They also get most of our food waste now. Should've seen them demolish 1/2 a watermelon last week. 

No maggots around here.... meat gets consumed long before we have maggots. We ARE raising mealworms for them though :wink:


----------



## Tobi (Mar 18, 2011)

jdatwood said:


> I feed a modified recipe based on this
> 10 lb wheat (white or red)
> 10 lb Black Oil Sunflower Seed
> 5 lb millet
> ...


Wow that's fantastic!!! how much does the feed normally cost to make for say a month of feed for them? I've not read up on mealworm raising yet! good for you guys! :becky:

I'm sure it was a frenzy over the watermellon! lol I can't wait to have chickens/rabbits, and a nice big garden and nothing will ever go to waste...


----------



## jdatwood (Apr 13, 2009)

Tobi said:


> Wow that's fantastic!!! how much does the feed normally cost to make for say a month of feed for them? I've not read up on mealworm raising yet! good for you guys! :becky:
> 
> I'm sure it was a frenzy over the watermellon! lol I can't wait to have chickens/rabbits, and a nice big garden and nothing will ever go to waste...


I have no idea what our monthly feeding cost is yet. This batch cost me $200 for about 500lbs of feed. I haven't weighed out their daily intake yet...

Yep, I can't wait til we get our garden going.... won't matter if we grow too much as the chickens will convert it to fertilizer to put back into the garden :wink:


----------



## DaneMama (Jun 27, 2008)

xellil said:


> I would love to see a video of 29 chickens chasing a mouse.
> 
> When we lived in grasshopper areas we always had chickens and ducks because they were 10000 times better at keeping the grasshoppers down than any sprays. Now that I don't live in my house in Texas and it's rented, the grasshoppers have totally stripped the bushes AND the trees.

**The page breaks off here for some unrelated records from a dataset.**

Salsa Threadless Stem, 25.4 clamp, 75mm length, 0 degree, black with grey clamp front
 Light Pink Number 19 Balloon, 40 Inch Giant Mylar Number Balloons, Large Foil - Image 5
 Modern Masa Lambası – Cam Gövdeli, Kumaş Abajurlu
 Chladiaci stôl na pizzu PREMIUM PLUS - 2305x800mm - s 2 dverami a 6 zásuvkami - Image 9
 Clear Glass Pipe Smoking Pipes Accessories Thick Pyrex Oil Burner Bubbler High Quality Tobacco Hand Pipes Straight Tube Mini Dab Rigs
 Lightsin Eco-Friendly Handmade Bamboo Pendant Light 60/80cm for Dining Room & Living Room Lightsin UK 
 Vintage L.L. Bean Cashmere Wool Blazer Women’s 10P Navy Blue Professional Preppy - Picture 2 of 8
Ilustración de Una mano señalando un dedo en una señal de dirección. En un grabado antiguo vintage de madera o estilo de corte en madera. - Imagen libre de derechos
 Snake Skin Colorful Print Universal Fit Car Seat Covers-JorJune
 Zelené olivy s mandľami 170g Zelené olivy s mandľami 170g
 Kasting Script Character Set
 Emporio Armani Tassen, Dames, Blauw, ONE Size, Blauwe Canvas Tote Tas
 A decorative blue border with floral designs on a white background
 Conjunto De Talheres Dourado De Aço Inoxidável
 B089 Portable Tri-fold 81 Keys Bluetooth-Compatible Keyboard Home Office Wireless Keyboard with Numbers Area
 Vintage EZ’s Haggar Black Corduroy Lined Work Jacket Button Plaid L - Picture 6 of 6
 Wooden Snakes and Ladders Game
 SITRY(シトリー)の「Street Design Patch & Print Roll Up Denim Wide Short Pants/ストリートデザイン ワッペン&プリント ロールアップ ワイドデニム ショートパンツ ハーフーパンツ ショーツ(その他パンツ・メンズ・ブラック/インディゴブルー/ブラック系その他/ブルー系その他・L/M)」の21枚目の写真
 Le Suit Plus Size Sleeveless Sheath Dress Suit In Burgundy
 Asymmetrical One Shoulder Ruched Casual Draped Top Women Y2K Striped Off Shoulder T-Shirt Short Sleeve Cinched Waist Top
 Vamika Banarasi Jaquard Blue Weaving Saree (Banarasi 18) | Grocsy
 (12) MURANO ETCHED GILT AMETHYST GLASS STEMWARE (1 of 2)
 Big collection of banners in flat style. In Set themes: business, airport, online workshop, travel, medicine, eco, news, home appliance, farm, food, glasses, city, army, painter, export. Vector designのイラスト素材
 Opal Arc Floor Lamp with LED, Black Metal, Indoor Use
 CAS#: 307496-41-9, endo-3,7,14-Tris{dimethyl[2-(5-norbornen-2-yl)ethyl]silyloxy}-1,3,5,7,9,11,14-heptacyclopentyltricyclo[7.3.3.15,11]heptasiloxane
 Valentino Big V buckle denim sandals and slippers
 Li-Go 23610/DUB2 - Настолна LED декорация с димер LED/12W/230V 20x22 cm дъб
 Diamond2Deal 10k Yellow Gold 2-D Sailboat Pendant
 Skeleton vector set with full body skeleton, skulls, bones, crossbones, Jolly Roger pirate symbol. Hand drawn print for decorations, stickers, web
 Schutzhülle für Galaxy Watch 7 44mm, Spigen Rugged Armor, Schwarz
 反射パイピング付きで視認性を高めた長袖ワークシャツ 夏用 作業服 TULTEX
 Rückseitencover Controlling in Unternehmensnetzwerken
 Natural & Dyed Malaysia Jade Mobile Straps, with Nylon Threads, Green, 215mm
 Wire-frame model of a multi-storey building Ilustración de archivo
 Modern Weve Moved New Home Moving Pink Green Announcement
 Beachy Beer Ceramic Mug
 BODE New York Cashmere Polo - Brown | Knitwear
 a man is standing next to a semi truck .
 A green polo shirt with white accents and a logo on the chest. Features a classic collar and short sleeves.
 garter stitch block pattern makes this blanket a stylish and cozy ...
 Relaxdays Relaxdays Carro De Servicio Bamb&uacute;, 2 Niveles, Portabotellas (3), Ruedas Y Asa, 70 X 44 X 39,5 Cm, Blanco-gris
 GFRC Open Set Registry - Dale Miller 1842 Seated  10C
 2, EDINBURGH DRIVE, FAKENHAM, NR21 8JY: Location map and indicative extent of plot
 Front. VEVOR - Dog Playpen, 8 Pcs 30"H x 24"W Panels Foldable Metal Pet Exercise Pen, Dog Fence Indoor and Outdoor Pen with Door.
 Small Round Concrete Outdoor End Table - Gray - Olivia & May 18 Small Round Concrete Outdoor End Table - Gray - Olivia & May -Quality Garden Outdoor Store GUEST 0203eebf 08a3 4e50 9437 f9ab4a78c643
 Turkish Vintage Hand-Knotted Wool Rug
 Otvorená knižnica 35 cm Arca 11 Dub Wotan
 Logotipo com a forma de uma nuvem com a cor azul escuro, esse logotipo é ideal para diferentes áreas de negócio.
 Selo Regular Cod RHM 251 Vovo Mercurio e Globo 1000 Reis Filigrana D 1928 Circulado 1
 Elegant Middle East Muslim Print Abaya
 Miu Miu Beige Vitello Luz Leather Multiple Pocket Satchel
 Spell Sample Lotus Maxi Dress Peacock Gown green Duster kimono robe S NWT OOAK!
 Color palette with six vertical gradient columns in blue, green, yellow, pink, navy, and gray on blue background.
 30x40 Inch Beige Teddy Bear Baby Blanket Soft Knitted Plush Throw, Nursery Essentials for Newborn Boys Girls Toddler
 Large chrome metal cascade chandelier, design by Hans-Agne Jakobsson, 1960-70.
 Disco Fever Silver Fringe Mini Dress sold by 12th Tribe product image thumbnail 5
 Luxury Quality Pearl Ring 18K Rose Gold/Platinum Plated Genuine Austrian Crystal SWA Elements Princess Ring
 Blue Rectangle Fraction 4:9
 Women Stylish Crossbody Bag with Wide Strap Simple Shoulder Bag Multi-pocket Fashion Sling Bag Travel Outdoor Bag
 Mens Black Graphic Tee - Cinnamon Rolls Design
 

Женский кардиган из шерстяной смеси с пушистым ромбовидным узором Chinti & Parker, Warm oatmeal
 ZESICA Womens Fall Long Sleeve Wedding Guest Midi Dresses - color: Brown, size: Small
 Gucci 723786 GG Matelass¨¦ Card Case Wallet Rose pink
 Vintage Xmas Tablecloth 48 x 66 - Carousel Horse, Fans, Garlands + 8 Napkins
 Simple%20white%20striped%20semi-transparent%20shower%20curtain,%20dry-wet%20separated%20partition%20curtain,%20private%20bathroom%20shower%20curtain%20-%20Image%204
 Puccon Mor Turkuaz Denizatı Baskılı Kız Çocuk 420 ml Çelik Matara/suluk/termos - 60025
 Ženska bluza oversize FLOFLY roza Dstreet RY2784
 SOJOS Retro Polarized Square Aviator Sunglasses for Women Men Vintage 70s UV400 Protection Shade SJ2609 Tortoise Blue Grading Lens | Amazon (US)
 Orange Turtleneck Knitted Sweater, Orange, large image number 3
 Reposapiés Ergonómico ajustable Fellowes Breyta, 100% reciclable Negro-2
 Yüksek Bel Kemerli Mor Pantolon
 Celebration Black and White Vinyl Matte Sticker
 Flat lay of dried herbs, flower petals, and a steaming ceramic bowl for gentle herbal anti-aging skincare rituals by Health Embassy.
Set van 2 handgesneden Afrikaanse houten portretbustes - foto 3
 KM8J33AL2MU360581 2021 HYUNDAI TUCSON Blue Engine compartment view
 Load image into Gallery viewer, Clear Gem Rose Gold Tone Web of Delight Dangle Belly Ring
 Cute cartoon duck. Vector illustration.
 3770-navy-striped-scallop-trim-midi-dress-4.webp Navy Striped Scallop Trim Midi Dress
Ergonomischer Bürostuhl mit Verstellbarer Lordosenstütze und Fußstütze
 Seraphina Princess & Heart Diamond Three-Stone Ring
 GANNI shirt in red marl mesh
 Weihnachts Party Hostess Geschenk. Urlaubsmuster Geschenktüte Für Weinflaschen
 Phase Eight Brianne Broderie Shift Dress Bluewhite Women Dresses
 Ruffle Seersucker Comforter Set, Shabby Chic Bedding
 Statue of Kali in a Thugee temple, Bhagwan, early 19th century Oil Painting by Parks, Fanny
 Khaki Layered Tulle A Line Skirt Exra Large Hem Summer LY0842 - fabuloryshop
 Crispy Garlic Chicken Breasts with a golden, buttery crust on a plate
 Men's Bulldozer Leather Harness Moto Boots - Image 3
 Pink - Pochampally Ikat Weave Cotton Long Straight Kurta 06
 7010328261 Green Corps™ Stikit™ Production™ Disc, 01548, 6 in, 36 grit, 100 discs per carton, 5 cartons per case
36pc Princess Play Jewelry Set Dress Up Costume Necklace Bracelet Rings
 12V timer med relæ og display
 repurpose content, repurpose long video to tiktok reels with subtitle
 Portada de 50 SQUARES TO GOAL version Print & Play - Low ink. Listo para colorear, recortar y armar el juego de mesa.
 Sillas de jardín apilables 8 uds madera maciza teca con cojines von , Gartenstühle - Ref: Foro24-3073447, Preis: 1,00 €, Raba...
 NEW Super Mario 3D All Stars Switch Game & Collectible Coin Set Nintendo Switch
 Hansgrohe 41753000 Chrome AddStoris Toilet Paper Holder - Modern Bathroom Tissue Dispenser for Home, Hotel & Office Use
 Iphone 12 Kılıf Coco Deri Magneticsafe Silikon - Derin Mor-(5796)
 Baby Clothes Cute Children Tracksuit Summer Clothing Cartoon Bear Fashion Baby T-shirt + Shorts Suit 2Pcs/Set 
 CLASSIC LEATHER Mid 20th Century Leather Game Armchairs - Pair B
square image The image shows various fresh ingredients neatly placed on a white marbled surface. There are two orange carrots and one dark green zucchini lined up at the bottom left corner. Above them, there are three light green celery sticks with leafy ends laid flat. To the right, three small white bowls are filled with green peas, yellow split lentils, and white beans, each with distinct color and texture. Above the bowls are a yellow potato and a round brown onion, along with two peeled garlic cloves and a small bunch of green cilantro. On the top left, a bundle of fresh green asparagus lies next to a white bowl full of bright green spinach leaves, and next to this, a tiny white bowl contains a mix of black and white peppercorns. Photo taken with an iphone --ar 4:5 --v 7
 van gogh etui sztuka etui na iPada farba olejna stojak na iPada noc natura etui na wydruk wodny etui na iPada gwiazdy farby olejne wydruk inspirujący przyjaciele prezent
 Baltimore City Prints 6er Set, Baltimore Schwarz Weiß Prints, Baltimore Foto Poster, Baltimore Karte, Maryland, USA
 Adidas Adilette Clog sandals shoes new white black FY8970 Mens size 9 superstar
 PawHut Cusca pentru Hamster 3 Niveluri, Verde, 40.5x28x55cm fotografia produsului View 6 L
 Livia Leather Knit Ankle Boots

Its funny....the chicken yard lines the driveway and whenever we drive up or down it the chickens run along the fence because the cars make the grasshoppers fly. So, they've learned to run to catch them all! At first it seemed like they didn't want to see us go LOL


----------



## smexywhales16 (Jan 15, 2011)

Does anyone have chickens that also catch and eat small frogs?
Mines do, I haven't stopped them(because they love it), but it seemed a little odd.


----------



## Scarlett_O' (May 19, 2011)

smexywhales16 said:


> Does anyone have chickens that also catch and eat small frogs?
> Mines do, I haven't stopped them(because they love it), but it seemed a little odd.


When I was little we had 6 chickens, and we lived by a stream....they LOVES their frogs!:biggrin: 
(But then again....why wouldnt they?!?! Frogs are GOOD!!:thumb


----------